In [9]:
import torch
from datasets import load_dataset
import webbrowser
import os
from transformer_lens import utils, HookedTransformer
from datasets.arrow_dataset import Dataset
from huggingface_hub import hf_hub_download
import time

# Library imports
from sae_vis.utils_fns import get_device
from sae_vis.model_fns import AutoEncoder, AutoEncoderConfig
from sae_vis.data_storing_fns import SaeVisData
from sae_vis.data_config_classes import SaeVisConfig
# from sae_lens.training.sparse_autoencoder import SparseAutoencoder

# Imports for displaying vis in Colab / notebook
import webbrowser
import http.server
import socketserver
import threading
PORT = 8000

device = get_device()
torch.set_grad_enabled(False);

In [42]:
def display_vis_inline(filename: str, height: int = 850):
    '''
    Displays the HTML files in Colab. Uses global `PORT` variable defined in prev cell, so that each
    vis has a unique port without having to define a port within the function.
    '''
    webbrowser.open(filename)

In [5]:
state_dict = torch.load("/Users/joel/Downloads/sae.pth", map_location=torch.device('cpu'))

In [13]:
state_dict["encoder.weight"].shape

torch.Size([512, 64])

In [14]:
state_dict["encoder.bias"].shape

torch.Size([512])

In [15]:
state_dict["decoder.weight"].shape

torch.Size([64, 512])

In [16]:
state_dict["decoder.bias"].shape

torch.Size([64])

In [17]:
new_state_dict = {
    "W_enc": state_dict["encoder.weight"].T,
    "b_enc": state_dict["encoder.bias"],
    "W_dec": state_dict["decoder.weight"].T,
    "b_dec": state_dict["decoder.bias"],
}

In [18]:
d_hidden, d_in = state_dict["encoder.weight"].shape
cfg = AutoEncoderConfig(d_in=d_in, d_hidden=d_hidden)
encoder = AutoEncoder(cfg)
encoder.load_state_dict(new_state_dict)

for k, v in encoder.named_parameters():
    print(f"{k}: {tuple(v.shape)}")

W_enc: (64, 512)
W_dec: (512, 64)
b_enc: (512,)
b_dec: (64,)


In [19]:
model = HookedTransformer.from_pretrained("roneneldan/TinyStories-1M")
model.to(device);



Loaded pretrained model roneneldan/TinyStories-1M into HookedTransformer
Moving model to device:  mps


In [21]:
SEQ_LEN = 128

# Load in the data (it's a Dataset object)
data = load_dataset("roneneldan/TinyStories", split="train")
assert isinstance(data, Dataset)

# Tokenize the data (using a utils function) and shuffle it
tokenized_data = utils.tokenize_and_concatenate(data, model.tokenizer, max_length=SEQ_LEN) # type: ignore
tokenized_data = tokenized_data.shuffle(42)

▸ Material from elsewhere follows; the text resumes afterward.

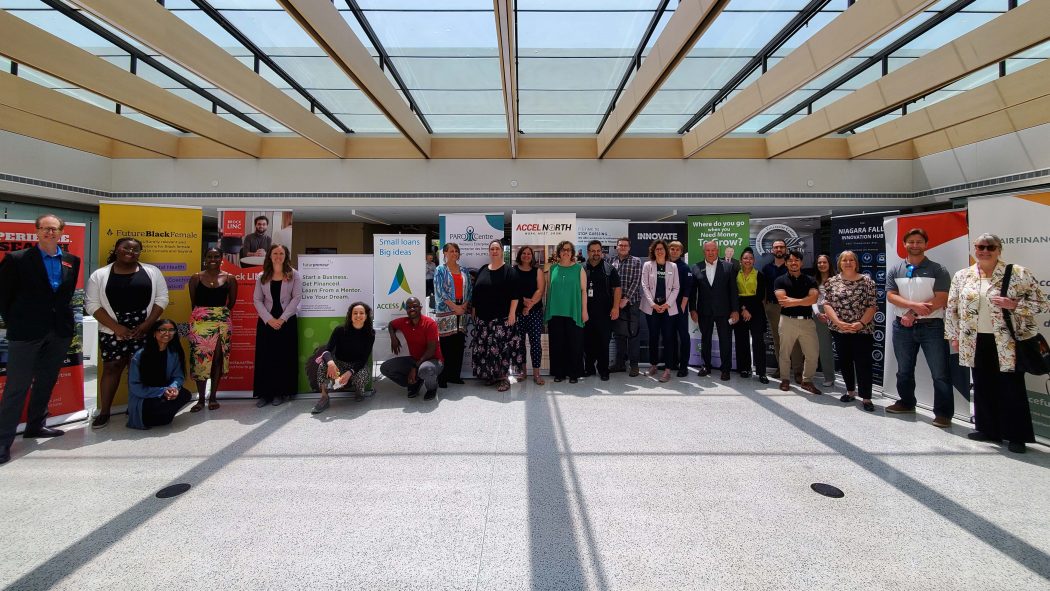 A group of entrepreneurs stand beside each other in a sunny atrium. Promotional banners are visible behind them.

# Get the tokens as a tensor
all_tokens = tokenized_data["tokens"]
assert isinstance(all_tokens, torch.Tensor)

print(all_tokens.shape)

torch.Size([3714797, 128])


In [23]:
device

device(type='mps')

In [35]:
model.cfg.device

'mps'

In [40]:
encoder.W_enc.device

device(type='mps', index=0)

In [39]:
encoder.to("mps")

AutoEncoder(d_in=64, dict_mult=8)

In [None]:
# Specify the hook point you're using, and the features you're analyzing
sae_vis_config = SaeVisConfig(
    hook_point = "blocks.4.hook_resid_post",
    features = range(64),
    verbose = True,
)

# Gather the feature data
sae_vis_data = SaeVisData.create(
    encoder = encoder,
    # encoder_B = encoder_B,
    model = model,
    tokens = all_tokens[:2048],
    cfg = sae_vis_config,
)

# Save as HTML file & display vis
filename = "_feature_vis_demo.html"
sae_vis_data.save_feature_centric_vis(filename, feature_idx=8)

display_vis_inline(filename)